Google Ram Powell, I believe that's the closes one to the Pensacola Pass. Around 72 miles if i'm not mistaken.


----------



## panhandlephinsphan (Aug 25, 2008)

Petronius, Ram Powell, beer can, marlin, google all of those. IMO tuna fishing at the rigs is a year round thing. Just this past weekend yellowfin over 100lbs caught at various rigs in a tournament. If you have ore questions just ask- plenty of free advice available here.  most of it good


----------



## gator75 (Aug 11, 2016)

Piles of bait and big tunas busting at Petronius this weekend in green water.


----------



## MacWilliams (Oct 25, 2016)

Doesn't matter how much I research.. Pulling the trigger on actually planning and going on a rig trip is still a bit nerve racking. I'll head out to the edge all day with zero worries or issues. But that's just an entirely different beast.. 

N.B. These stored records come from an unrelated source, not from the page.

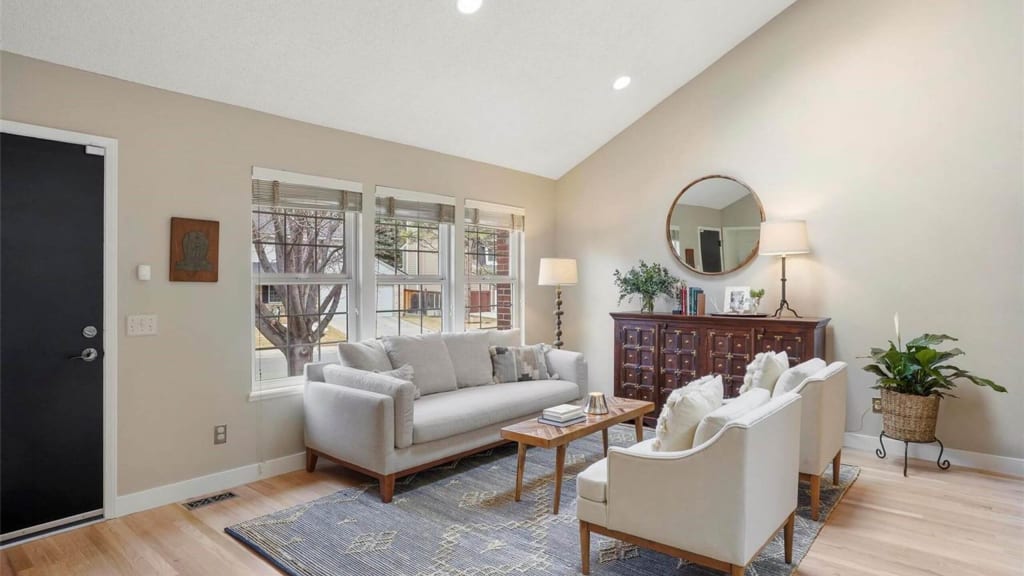 6305 S Florence Way, Englewood inception-app-prod/NmFmNWQwNWItNGFiOS00YmZhLWFmMzQtMGI5NmU5OWU3OGEy/content/2022/03/6d7ba47da29aa6b9a6c42591f8c75054ab51400e.jpg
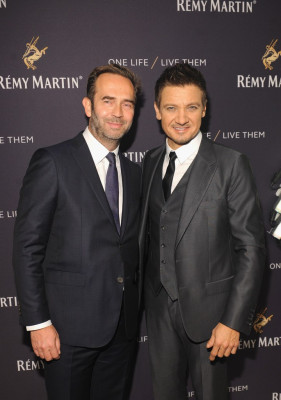 photo 4 in Jeremy Renner gallery [id815210] 2015-11-29 00:00:00
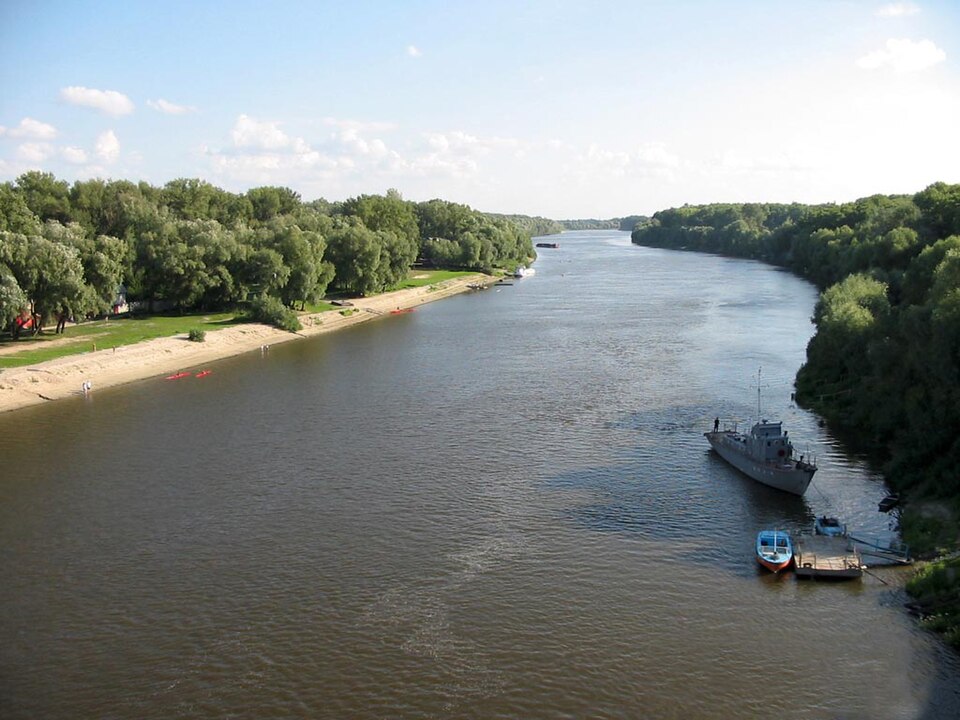 Fayl:Desna River in Chernihiv.jpg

Still working on the boat to make sure I haven't forgotten anything and everything is tip top shape. 


Just made some bait traps too for Pinfish. How do ya'll hide yours or do you so they don't get stolen?


----------



## Shark Sugar (May 26, 2015)

MacWilliams said:


> Doesn't matter how much I research.. Pulling the trigger on actually planning and going on a rig trip is still a bit nerve racking. I'll head out to the edge all day with zero worries or issues. But that's just an entirely different beast..
> 
> 
> Still working on the boat to make sure I haven't forgotten anything and everything is tip top shape.
> ...


Tie a piece of mono on the trap and tie a Gatorade bottle or something on the other end. Make sure the line is only long enough to keep the bottle submerged a foot or 2 below surface...save the GPS coordinates where you dropped it, use a gaff to snag the line/bottle and retrieve your trap


----------



## MacWilliams (Oct 25, 2016)

Shark Sugar said:


> Tie a piece of mono on the trap and tie a Gatorade bottle or something on the other end. Make sure the line is only long enough to keep the bottle submerged a foot or 2 below surface...save the GPS coordinates where you dropped it, use a gaff to snag the line/bottle and retrieve your trap




That's a great idea. I was going to just tie a piece of brick to one end and use a pier gaff to drag the rope up. But I like that idea better. Seems much easier to locate and retrieve.


----------



## Shark Sugar (May 26, 2015)

I've been doing that method for years around public areas in the sound...the bums got smart with their thievery by getting little kayaks to have more range to steal traps, but I havent had one stolen yet this way


----------